Vadim Markovtsev

Source Code Abstracts Classification Using CNN

Convolutional neural networks (CNN) are becoming the standard approach for many machine learning related problems. Usually, those problems are related to images, audio or natural language data. At source{d} we are trying to apply the common and novel deep learning patterns to the problems with software developers and projects as the input which is something very different. We are standing at the beginning of our fascinating journey, but already have something to share. In this particular talk I am going to present the bits of our SourceNN deep neural network that enable classification of short source code fragments (50 lines) taken randomly from several projects. The input features are extracted by a syntax highlighter and look similar to minimaps in source code editors.

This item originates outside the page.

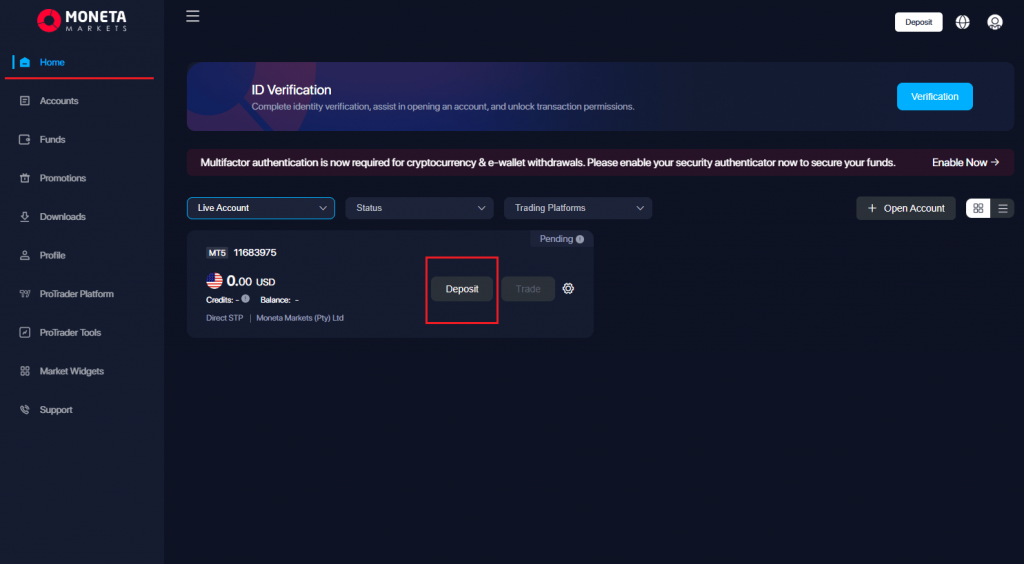 Deposit Moneta Markets 1 step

Currently Vadim is a Senior Machine Learning Engineer at source{d} where he works on DNN's that aim to understand all of the world's developers through their code. Vadim is one of the creators of the distributed deep learning platform Veles ( while working at Samsung. Afterwards Vadim was responsible for the machine learning efforts to fight email spam at Mail.Ru. In the past Vadim was also a visiting associate professor at Moscow Institute of Physics and Technology, teaching about new technologies and conducting ACM-like internal coding competitions. Vadim is also a big fan of GitHub (vmarkovtsev) and HackerRank (markhor).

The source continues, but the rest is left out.